## WHAT YOU WILL DO
Your copy of the entries below should hold exactly the lines from the one containing "Caroline Heldman (left), Lili" to the one containing "tiled empty room featuring a ceiling fan", inclusive, and no pictures.

:: AVAILABLE RECORDS ::

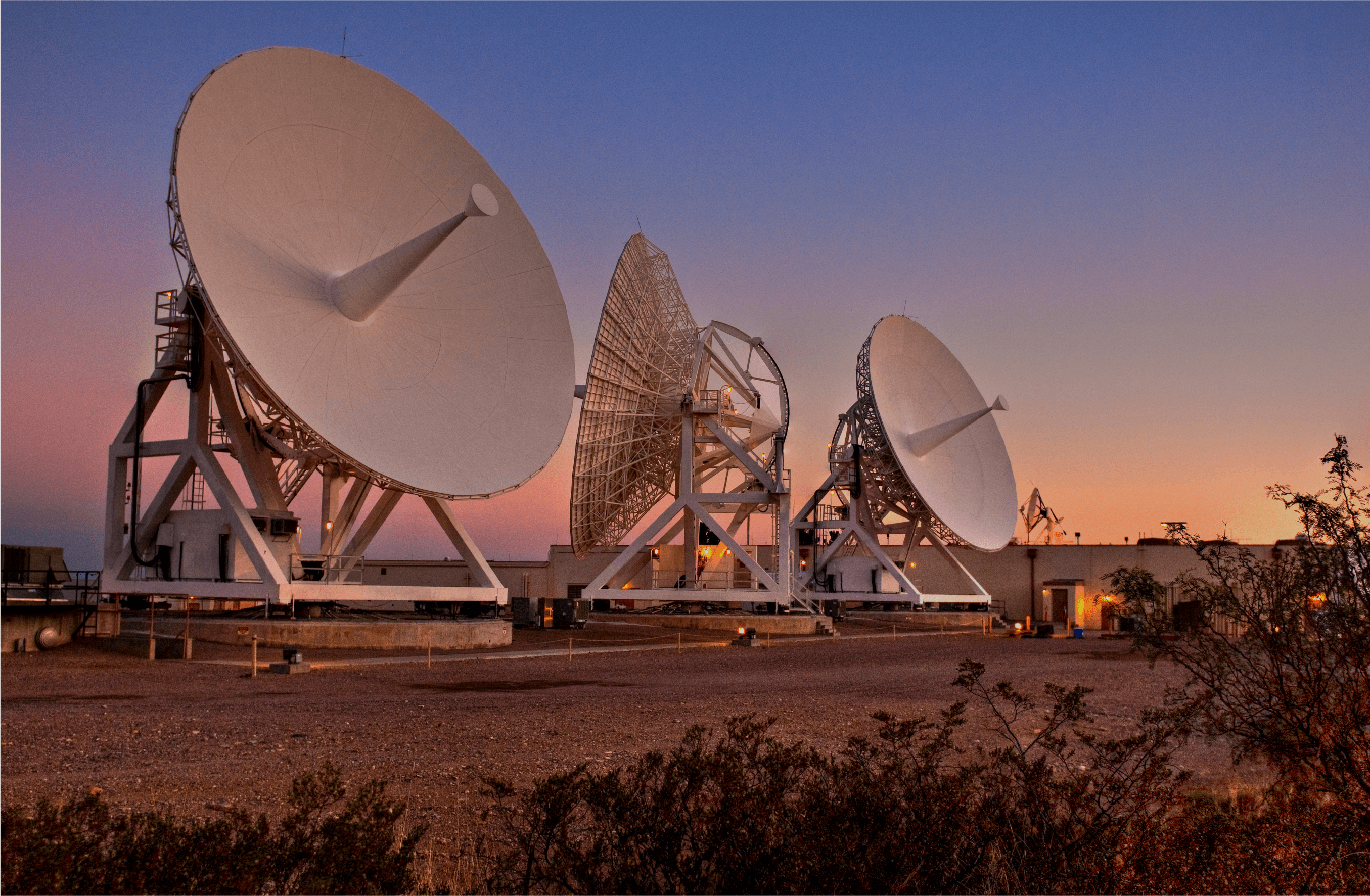 Three large radio antennas at White Sands, New Mexico, under a pink and blue sunset sky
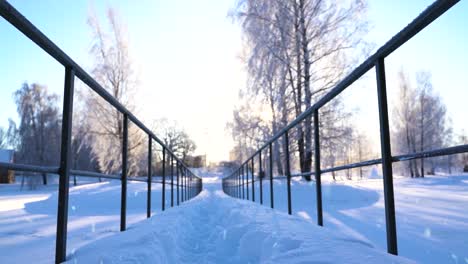 Bright-sunshine-in-sky-over-white-winter-landscape-with-small-bridge,-dolly-forward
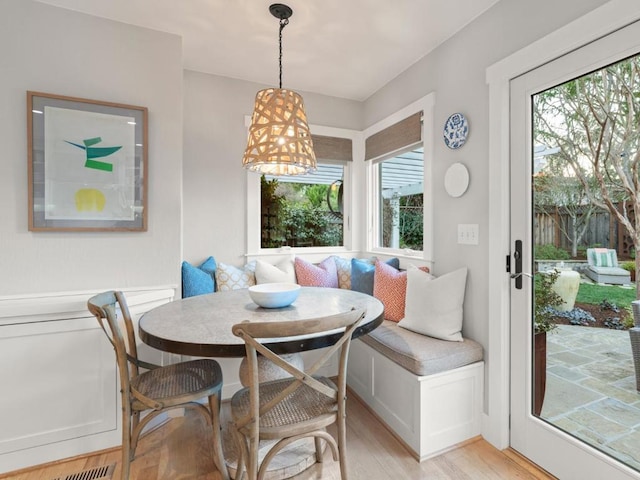 dining area featuring light hardwood / wood-style floors and breakfast area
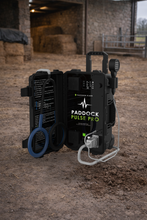 Paddock Pulse Pro device on a dirt floor with a barn interior in the background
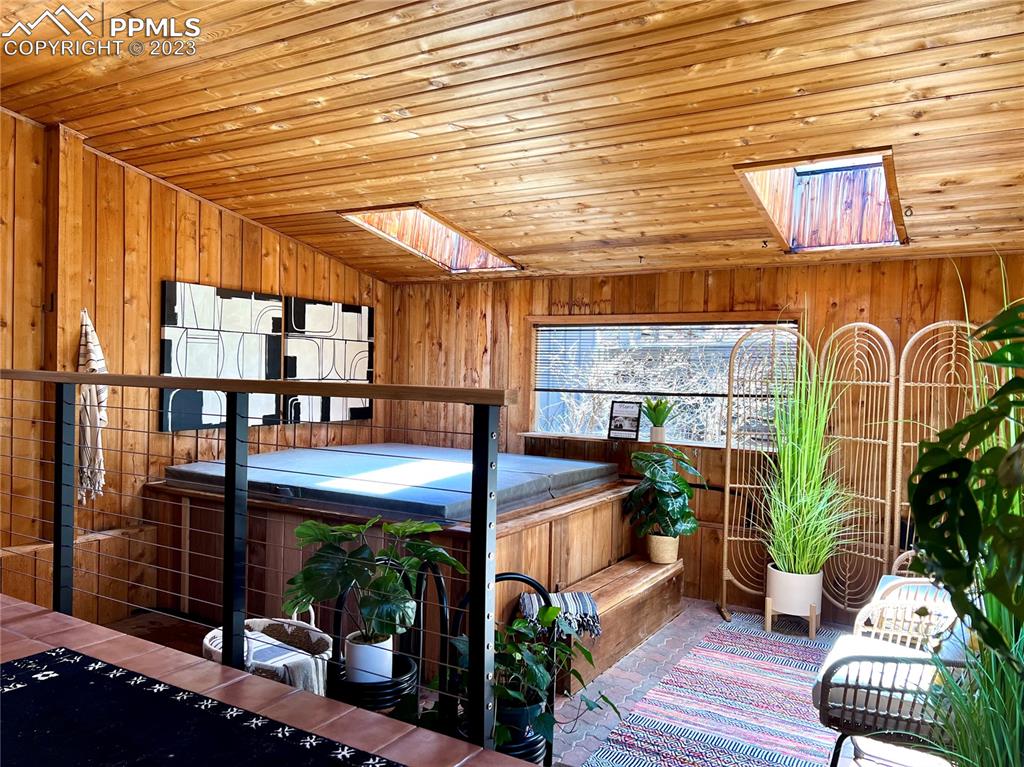 9660 Mohawk Trail Cascade, CO 80809 - Photo 7 of 42 a view of a porch with seating space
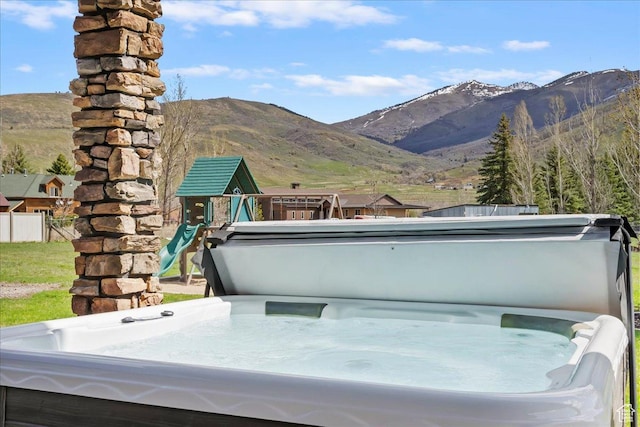 5328 N 3275 E, Liberty, UT 84310 - view of patio featuring fence, a hot tub, a mountain view, and a playground
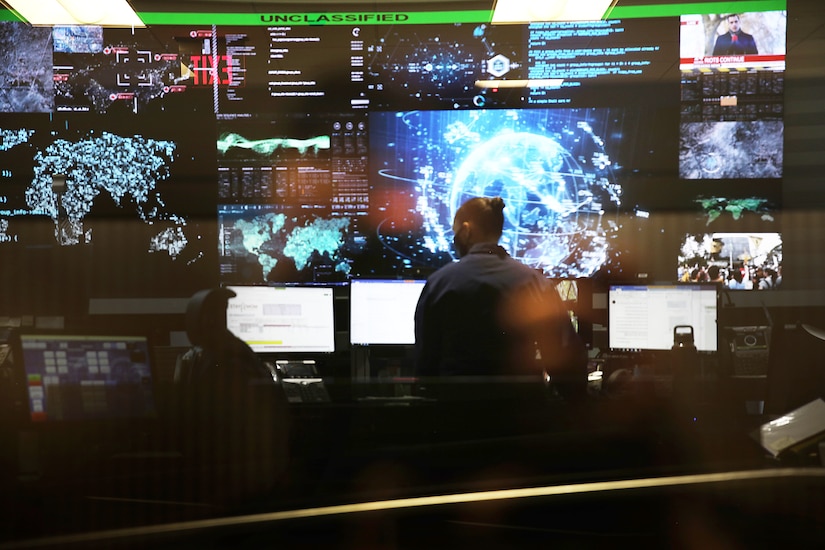 A man in civilian attire stands at a computer terminal on a watch floor.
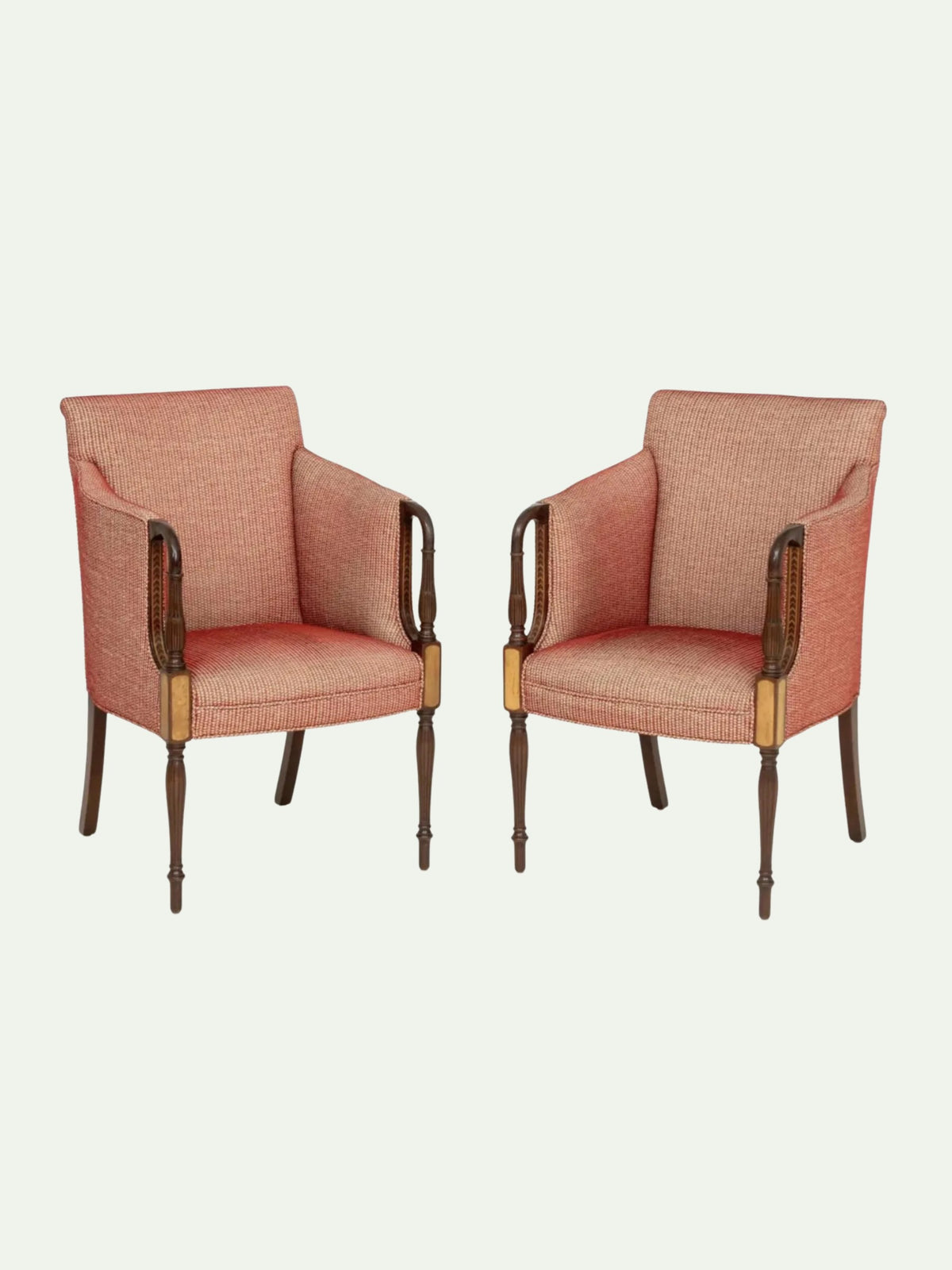 A pair of vintage-style armchairs upholstered in a textured dusty rose pink fabric, featuring dark brown wooden arms and legs with brass accents, set against a solid off-white background.
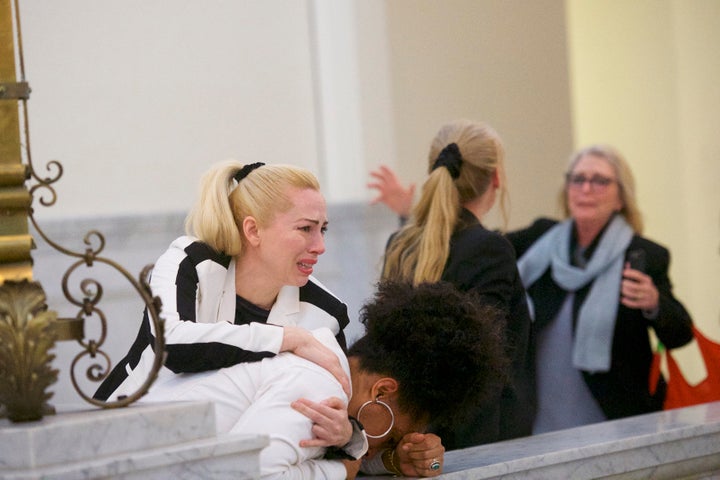 Caroline Heldman (left), Lili Bernard (bowed head) and Victoria Valentino (far right) react after the guilty verdict was delivered.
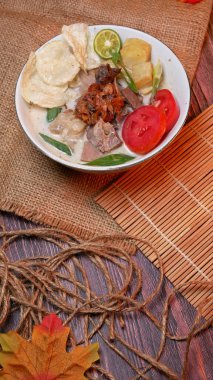 Soto Betawi ve sığır eti, patates, taze domates, limon dilimleri ve kızarmış soğan. Benzersiz bir dekorasyonla beyaz kasede servis edilmiş. Kullanılabilir metin için boşluk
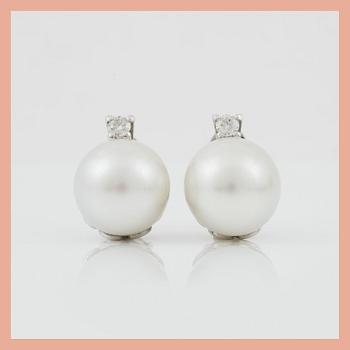 A pair of cultured South sea pearl and diamond earrings. Total carat weight of diamonds circa 0.35 ct.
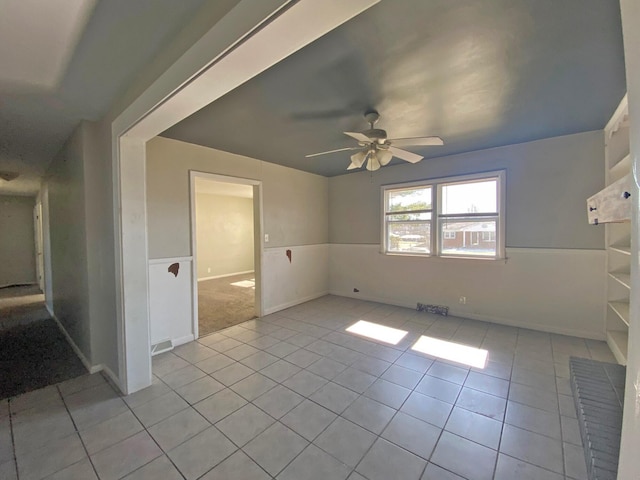 tiled empty room featuring a ceiling fan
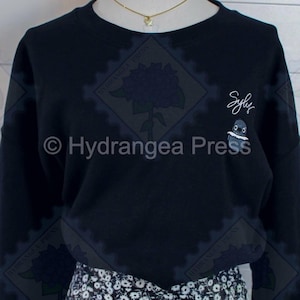 May include: Black long-sleeved sweatshirt with a small embroidered penguin and the word "Sylly" in white thread.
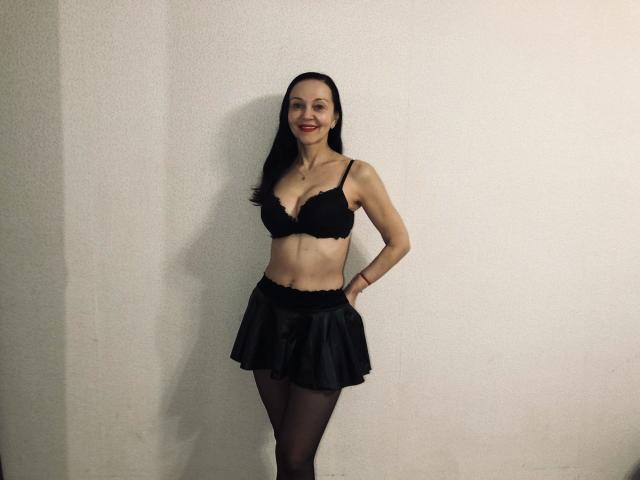 ReifeNadinna-hot está em pé, com as mãos nos quadris, vestindo um sutiã de renda preta, uma saia preta curta e meias pretas. Ela tem seios pequenos, uma cintura fina e um sorriso..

:::

## TASK RESULT
 Caroline Heldman (left), Lili Bernard (bowed head) and Victoria Valentino (far right) react after the guilty verdict was delivered.
 Soto Betawi ve sığır eti, patates, taze domates, limon dilimleri ve kızarmış soğan. Benzersiz bir dekorasyonla beyaz kasede servis edilmiş. Kullanılabilir metin için boşluk
 A pair of cultured South sea pearl and diamond earrings. Total carat weight of diamonds circa 0.35 ct.
 tiled empty room featuring a ceiling fan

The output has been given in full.